Ik vraag mij af als we niet verder moeten kijken dan voorgaande antwoorden...
Volgens mij moet er heel dringend gezocht worden naar energie, die niet uit de aardkorst komt!
Onze maatschappij heeft nu eenmaal energie nodig, en die vraag zal alleen maar stijgen!


Greetz
Chris

----------


## Kevin_DM

Had laatst een artikel in een of ander wetenschappelijk magazine gelezen over kernfusie (of het tegenovergestelde van kernsplitsing, wat nu gebruikt wordt in de kerncentrales).
Dit komt, kortweg, overeen met het principe van de zon, een zodanig hoge temperatuur opwekken dat water zichzelf opsplitst en watergas ontstaat.

Echter, momenteel lukt dit, maar hebben we nog 2* zoveel energie nodig om die "fusie" gedaan te krijgen dan het opbrengt.
Het artikel ging dus over een nieuw "kernfusie-centrum" dat ze ergens in de provence in Frankrijk zouden gaan bouwen (door een joint-venture van een 7-tal economische grootmachten), waarmee ze een rendement van ong 50% zouden halen. Dit dus als proefproject, om zo later op grote schaal te gaan toepassen.

Het grote voordeel hiervan is dat het enige "restproduct" of afval dat hieruit voortvloeit, water is, dus 100% natuurvriendelijk.

Misschien zit hierin toekomst, alhoewel dit nog jaren (10-tallen jaren??) zal duren eer dit operationeel is. 
Enkele linkjes die ik hierover gevonden heb:

Kernfusie, een zon op aarde
Kernfusie

Niet echt relevant voor het onderwerp, maar dacht wel het vermelden waard in het ganse energie-gegeven ...

----------


## LJ Chris

Volgens mij gaat kernfusie niet doorstoten.
Momenteel is er een zeer snelle klimaatswijziging aan het gebeuren, door de massala uitstoot van CO2 gassen door verbranding van fossiele brandstoffen: dus gascentrales, kolencentrales, centrale verwarming bij jou thuis, én alle motorvoertuigen.
Heeft iemand de film van Al Gore al gezien?

Men is momenteel volop bezig met het ontwikkelen van brandstofcellen om die eerst en vooral te gebruiken in motorvoertuigen, om de conventionele verbrandingsmotor weg te werken. Stel dat men kernfusie kan toepassen, en dus elektriciteit kan opwekken, hoe gaat men dan die elektrische energie opslaan in een voertuig? Elektriciteit heeft één groot nadeel, men kan het heel moeilijk opslaan.
In de toekomst streeft men naar brandstofcellen, die genoeg energie leveren om de auto aan te drijven, én die zelfs kan dienen om jou huis van genoeg energie te voorzien.
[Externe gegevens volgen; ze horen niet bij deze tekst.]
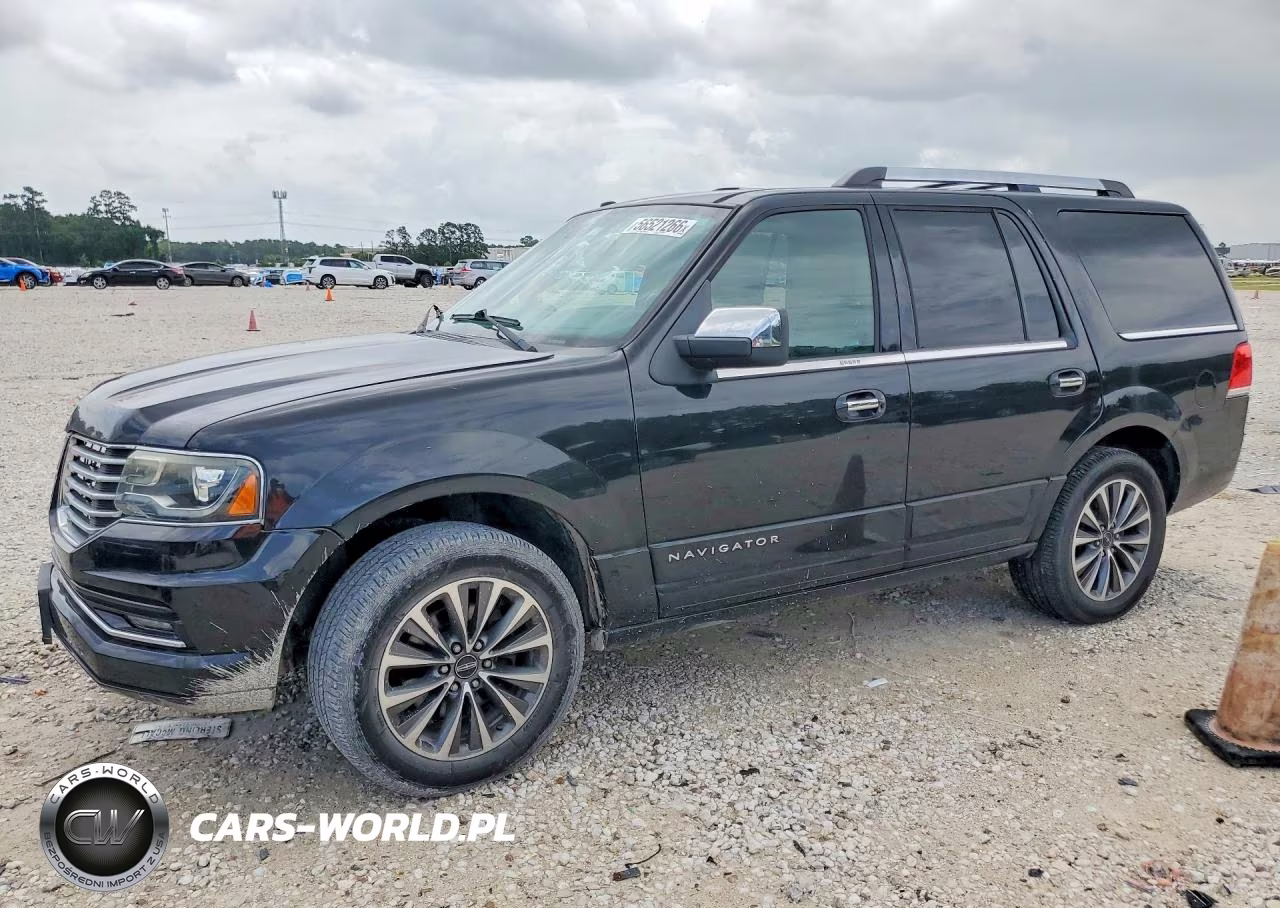 2015 Lincoln Navigator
Deze brandstofcellen werken opwaterstof, en om waterstof te maken is natuurlijk weer elektriciteit nodig, wat men op groene energie kan produceren door windmolens, zonne energie, waterkrachtcentrales enz..
Volgens mij wordt dit dé technologie in de toekomst, maar goed want er moet DRINGEND iets gebeuren, want de toekomst ziet er niet goed uit..

Natuurlijk is niet iedereen begaan met deze wereldproblematiek, denk maar aan de landen die leven op het ontginnen van olie.

Greetz
Chris

----------


## ronny

mjah heb die film dus al gezien van Al Gore. Opzich zit daar wel veel waarheid in, al blijft het een film waarin ook weer een deel propaganda in schuilt...

Maar er is 1 ding wat me wel zeker is bijgebleven van Al Gore zijn visie op de problematiek over de "Global Warming". Hij zegt op een bepaald moment dat als we deze trend willen ombuigen we niet 1 maatregel kunnen bedenken, maar dat we er meerdere moeten doen om echt een ommekeer te krijgen.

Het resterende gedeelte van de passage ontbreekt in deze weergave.